* **Exercise**
Repeat all of the material exactly, with no line missing.

* **Data excerpts**
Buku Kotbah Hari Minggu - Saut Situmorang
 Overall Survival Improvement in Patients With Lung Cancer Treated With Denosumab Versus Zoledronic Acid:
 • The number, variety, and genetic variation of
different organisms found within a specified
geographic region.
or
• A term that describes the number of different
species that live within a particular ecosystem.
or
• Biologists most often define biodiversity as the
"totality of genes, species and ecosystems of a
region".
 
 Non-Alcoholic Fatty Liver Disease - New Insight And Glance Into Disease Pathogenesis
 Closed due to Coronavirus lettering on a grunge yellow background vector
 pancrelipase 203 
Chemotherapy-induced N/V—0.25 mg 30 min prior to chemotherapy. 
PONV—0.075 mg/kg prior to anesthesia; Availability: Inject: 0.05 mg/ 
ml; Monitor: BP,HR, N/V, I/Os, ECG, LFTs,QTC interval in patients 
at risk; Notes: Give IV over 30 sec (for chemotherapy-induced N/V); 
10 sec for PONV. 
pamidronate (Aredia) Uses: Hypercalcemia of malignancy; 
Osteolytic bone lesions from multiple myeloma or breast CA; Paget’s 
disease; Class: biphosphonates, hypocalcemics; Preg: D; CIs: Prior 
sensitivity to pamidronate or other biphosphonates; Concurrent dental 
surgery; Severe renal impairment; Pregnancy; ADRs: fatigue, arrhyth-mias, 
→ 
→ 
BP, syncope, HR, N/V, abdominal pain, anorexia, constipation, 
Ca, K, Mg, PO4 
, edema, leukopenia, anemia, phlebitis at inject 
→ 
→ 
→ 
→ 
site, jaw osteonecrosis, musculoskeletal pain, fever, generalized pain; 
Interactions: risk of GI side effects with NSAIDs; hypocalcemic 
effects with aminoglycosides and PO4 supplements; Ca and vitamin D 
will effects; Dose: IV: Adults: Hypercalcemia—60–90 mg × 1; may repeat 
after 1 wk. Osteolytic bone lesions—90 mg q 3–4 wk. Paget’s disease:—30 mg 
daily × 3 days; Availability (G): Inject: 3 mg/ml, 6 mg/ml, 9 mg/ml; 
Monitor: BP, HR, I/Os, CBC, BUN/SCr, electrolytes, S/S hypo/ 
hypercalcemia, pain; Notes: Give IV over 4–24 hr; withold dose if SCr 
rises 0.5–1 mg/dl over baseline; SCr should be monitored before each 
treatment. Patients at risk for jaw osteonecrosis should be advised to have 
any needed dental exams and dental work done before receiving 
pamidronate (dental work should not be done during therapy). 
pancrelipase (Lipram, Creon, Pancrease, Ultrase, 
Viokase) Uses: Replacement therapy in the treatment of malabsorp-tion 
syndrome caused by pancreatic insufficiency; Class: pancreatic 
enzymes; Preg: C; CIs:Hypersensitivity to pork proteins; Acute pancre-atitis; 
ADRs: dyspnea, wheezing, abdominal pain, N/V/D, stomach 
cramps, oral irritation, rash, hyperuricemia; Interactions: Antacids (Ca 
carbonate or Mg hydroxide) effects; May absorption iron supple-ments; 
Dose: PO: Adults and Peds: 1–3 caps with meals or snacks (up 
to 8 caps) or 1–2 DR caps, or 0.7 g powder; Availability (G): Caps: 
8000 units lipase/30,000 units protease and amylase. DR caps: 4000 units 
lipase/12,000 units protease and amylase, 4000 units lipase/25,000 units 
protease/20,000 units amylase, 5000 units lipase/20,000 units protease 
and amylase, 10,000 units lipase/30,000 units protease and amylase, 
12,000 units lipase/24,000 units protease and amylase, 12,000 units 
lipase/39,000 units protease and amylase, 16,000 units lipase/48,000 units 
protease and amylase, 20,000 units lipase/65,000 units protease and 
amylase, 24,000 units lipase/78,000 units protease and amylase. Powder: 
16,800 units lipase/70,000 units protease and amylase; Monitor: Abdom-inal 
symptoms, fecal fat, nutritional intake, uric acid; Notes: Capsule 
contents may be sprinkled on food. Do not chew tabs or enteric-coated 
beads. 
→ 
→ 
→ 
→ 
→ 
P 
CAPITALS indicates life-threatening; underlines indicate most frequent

* **Exercise response**
Buku Kotbah Hari Minggu - Saut Situmorang
 Overall Survival Improvement in Patients With Lung Cancer Treated With Denosumab Versus Zoledronic Acid:
 • The number, variety, and genetic variation of
different organisms found within a specified
geographic region.
or
• A term that describes the number of different
species that live within a particular ecosystem.
or
• Biologists most often define biodiversity as the
"totality of genes, species and ecosystems of a
region".
 
 Non-Alcoholic Fatty Liver Disease - New Insight And Glance Into Disease Pathogenesis
 Closed due to Coronavirus lettering on a grunge yellow background vector
 pancrelipase 203 
Chemotherapy-induced N/V—0.25 mg 30 min prior to chemotherapy. 
PONV—0.075 mg/kg prior to anesthesia; Availability: Inject: 0.05 mg/ 
ml; Monitor: BP,HR, N/V, I/Os, ECG, LFTs,QTC interval in patients 
at risk; Notes: Give IV over 30 sec (for chemotherapy-induced N/V); 
10 sec for PONV. 
pamidronate (Aredia) Uses: Hypercalcemia of malignancy; 
Osteolytic bone lesions from multiple myeloma or breast CA; Paget’s 
disease; Class: biphosphonates, hypocalcemics; Preg: D; CIs: Prior 
sensitivity to pamidronate or other biphosphonates; Concurrent dental 
surgery; Severe renal impairment; Pregnancy; ADRs: fatigue, arrhyth-mias, 
→ 
→ 
BP, syncope, HR, N/V, abdominal pain, anorexia, constipation, 
Ca, K, Mg, PO4 
, edema, leukopenia, anemia, phlebitis at inject 
→ 
→ 
→ 
→ 
site, jaw osteonecrosis, musculoskeletal pain, fever, generalized pain; 
Interactions: risk of GI side effects with NSAIDs; hypocalcemic 
effects with aminoglycosides and PO4 supplements; Ca and vitamin D 
will effects; Dose: IV: Adults: Hypercalcemia—60–90 mg × 1; may repeat 
after 1 wk. Osteolytic bone lesions—90 mg q 3–4 wk. Paget’s disease:—30 mg 
daily × 3 days; Availability (G): Inject: 3 mg/ml, 6 mg/ml, 9 mg/ml; 
Monitor: BP, HR, I/Os, CBC, BUN/SCr, electrolytes, S/S hypo/ 
hypercalcemia, pain; Notes: Give IV over 4–24 hr; withold dose if SCr 
rises 0.5–1 mg/dl over baseline; SCr should be monitored before each 
treatment. Patients at risk for jaw osteonecrosis should be advised to have 
any needed dental exams and dental work done before receiving 
pamidronate (dental work should not be done during therapy). 
pancrelipase (Lipram, Creon, Pancrease, Ultrase, 
Viokase) Uses: Replacement therapy in the treatment of malabsorp-tion 
syndrome caused by pancreatic insufficiency; Class: pancreatic 
enzymes; Preg: C; CIs:Hypersensitivity to pork proteins; Acute pancre-atitis; 
ADRs: dyspnea, wheezing, abdominal pain, N/V/D, stomach 
cramps, oral irritation, rash, hyperuricemia; Interactions: Antacids (Ca 
carbonate or Mg hydroxide) effects; May absorption iron supple-ments; 
Dose: PO: Adults and Peds: 1–3 caps with meals or snacks (up 
to 8 caps) or 1–2 DR caps, or 0.7 g powder; Availability (G): Caps: 
8000 units lipase/30,000 units protease and amylase. DR caps: 4000 units 
lipase/12,000 units protease and amylase, 4000 units lipase/25,000 units 
protease/20,000 units amylase, 5000 units lipase/20,000 units protease 
and amylase, 10,000 units lipase/30,000 units protease and amylase, 
12,000 units lipase/24,000 units protease and amylase, 12,000 units 
lipase/39,000 units protease and amylase, 16,000 units lipase/48,000 units 
protease and amylase, 20,000 units lipase/65,000 units protease and 
amylase, 24,000 units lipase/78,000 units protease and amylase. Powder: 
16,800 units lipase/70,000 units protease and amylase; Monitor: Abdom-inal 
symptoms, fecal fat, nutritional intake, uric acid; Notes: Capsule 
contents may be sprinkled on food. Do not chew tabs or enteric-coated 
beads. 
→ 
→ 
→ 
→ 
→ 
P 
CAPITALS indicates life-threatening; underlines indicate most frequent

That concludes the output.